Scroll down past the intro to see the rest of the photos.
UPDATE
(May 2004) Rosenberg's Tower 17, the last traditional manned railroad interlocking tower in Texas, closed in February 2004.
Earlier this month, the tower was moved approximately a half-mile to the east, to the property of the Rosenberg Railroad
Museum. Unmanned steel signal bungalows now stand watch over
the newly automated interlocker; a Union Pacific dispatcher in nearby Spring (a Houston
suburb) controls the signals and switches at the crossing.
I had the
opportunity to visit the tower on three separate occasions during its final years of operation.

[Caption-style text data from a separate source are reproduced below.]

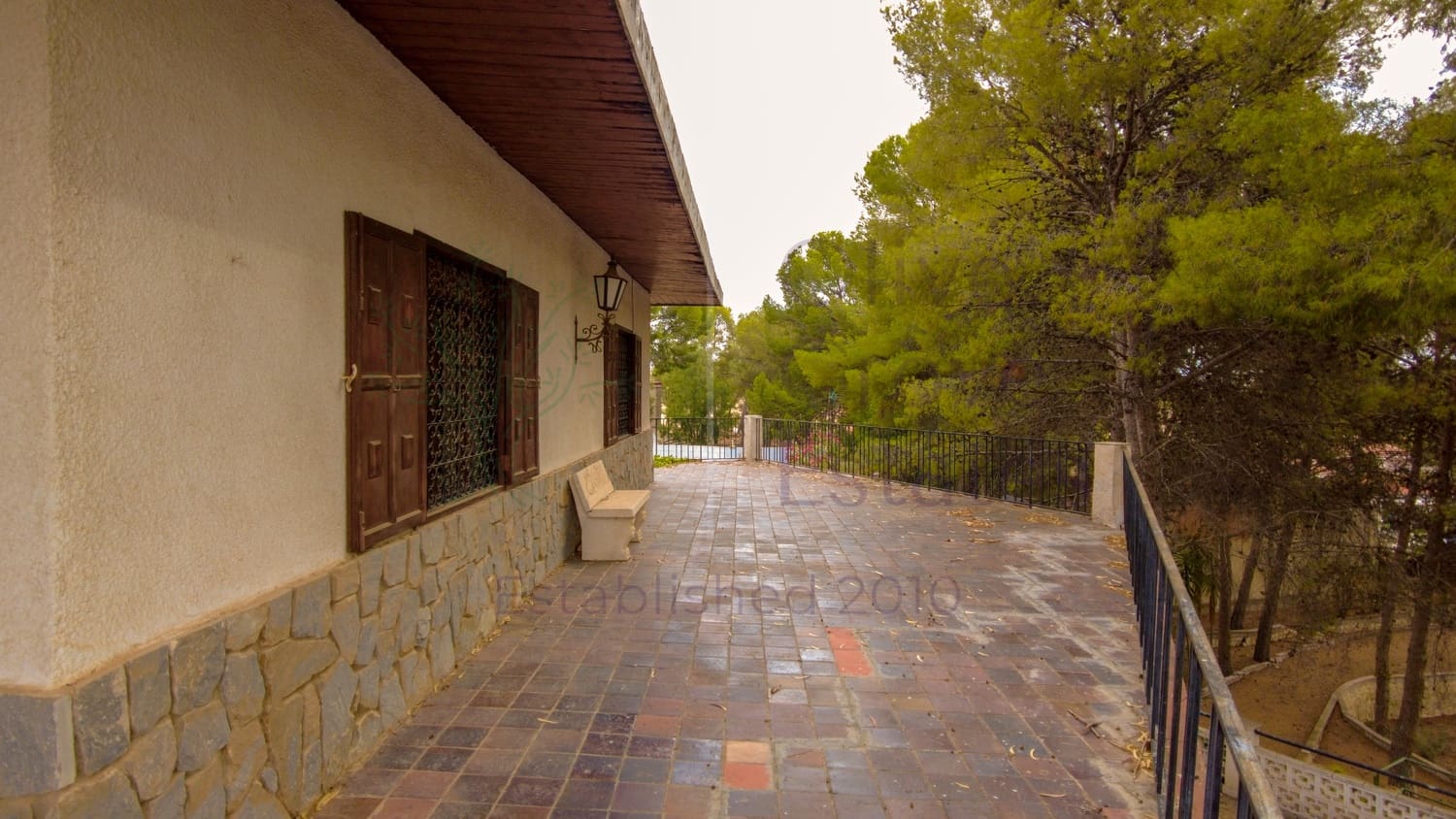 6 bedroom Villa for sale in Monovar / Monover with pool garage - € 449,950 (Ref: 8458981)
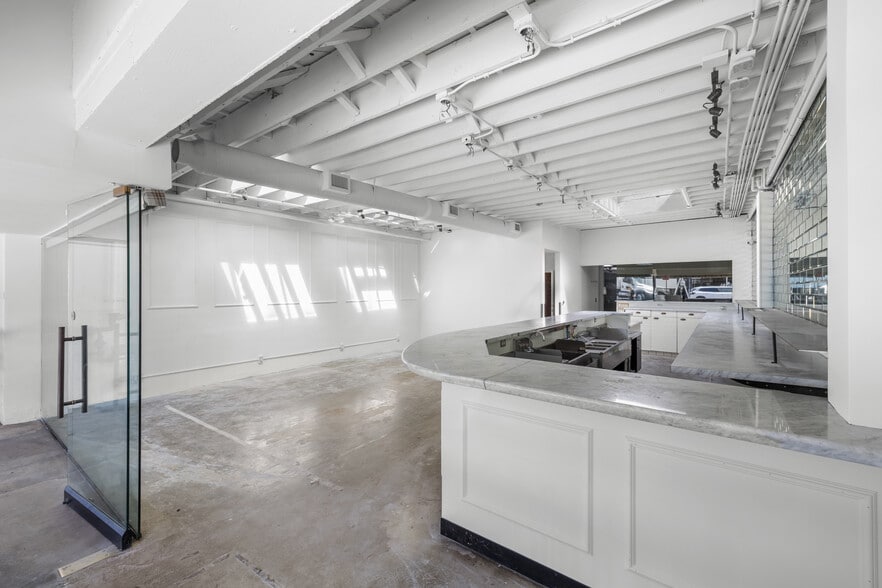 More Photos Of 310-315 S Robertson Blvd, Los Angeles Storefront For Lease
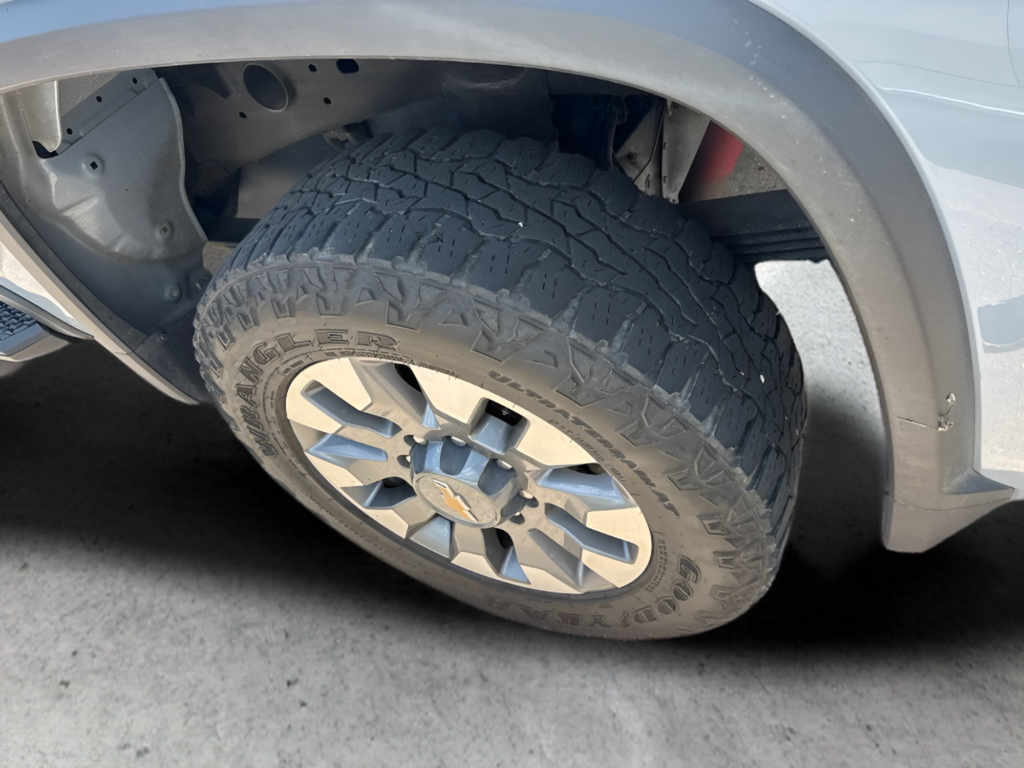 Used 2024 Gray Chevrolet Custom image 6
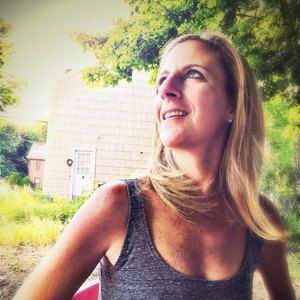 Meet your Posher, Courtney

Please enjoy the following account of my first visit to Rosenberg's Tower 17 in February 2002.
* * * * *
Tower 17 is the last manned railroad interlocking tower in the state of Texas. To anyone
who's spent any length of time watching or photographing trains in Texas, this hardly
seems possible. I myself have been shooting photos of Texas trains for a mere 18 years,
and I've witnessed numerous towers become casualties of technology and automated operation:
North Tower, South Tower, and Tower 19 in Dallas; Tower 55 in Fort Worth; Tower 3 in
Flatonia; and Tower 16 in Sherman are just a few of them.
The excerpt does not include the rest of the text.